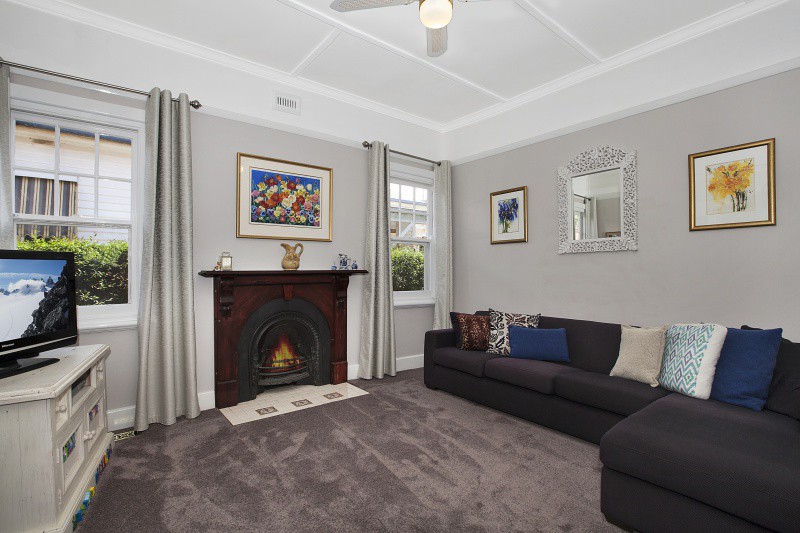 17 Park Street, Seymour, VIC 3660 - Thumbnail 2 - 20/05/2019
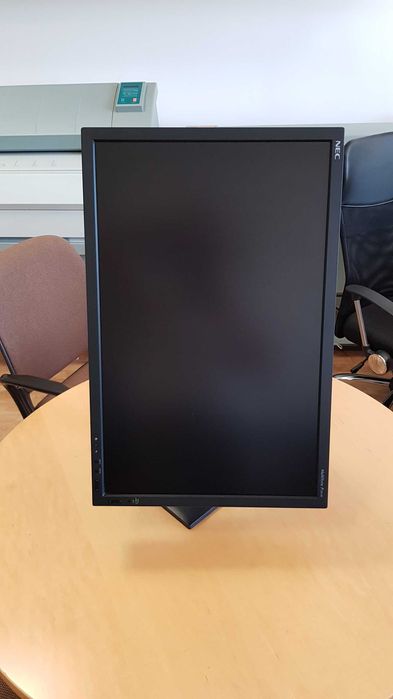 Monitor profesional NEC 24"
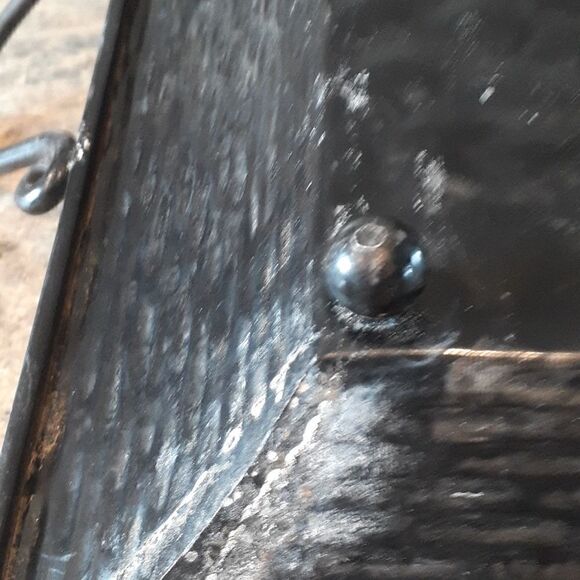 Beautiful pounded metal tray with handles. - Picture 6 of 6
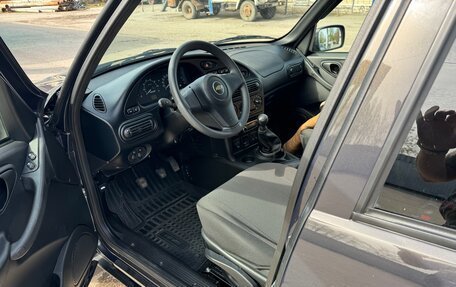 Chevrolet Niva I рестайлинг, 2018 год, 1 150 000 рублей, 3 фотография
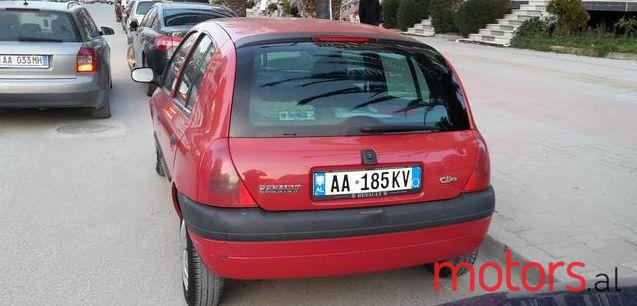 1999' Renault Clio photo #2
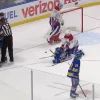 Mike Matheson pose un geste jamais vu dans la LNH en pleine m&ecirc;l&eacute;e contre Zach Benson et les images font jaser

—————

Return the complete material exactly as it appears, without images.

● Solution to this exercise
 17 Park Street, Seymour, VIC 3660 - Thumbnail 2 - 20/05/2019
 Monitor profesional NEC 24"
 Beautiful pounded metal tray with handles. - Picture 6 of 6
 Chevrolet Niva I рестайлинг, 2018 год, 1 150 000 рублей, 3 фотография
 1999' Renault Clio photo #2
 Mike Matheson pose un geste jamais vu dans la LNH en pleine m&ecirc;l&eacute;e contre Zach Benson et les images font jaser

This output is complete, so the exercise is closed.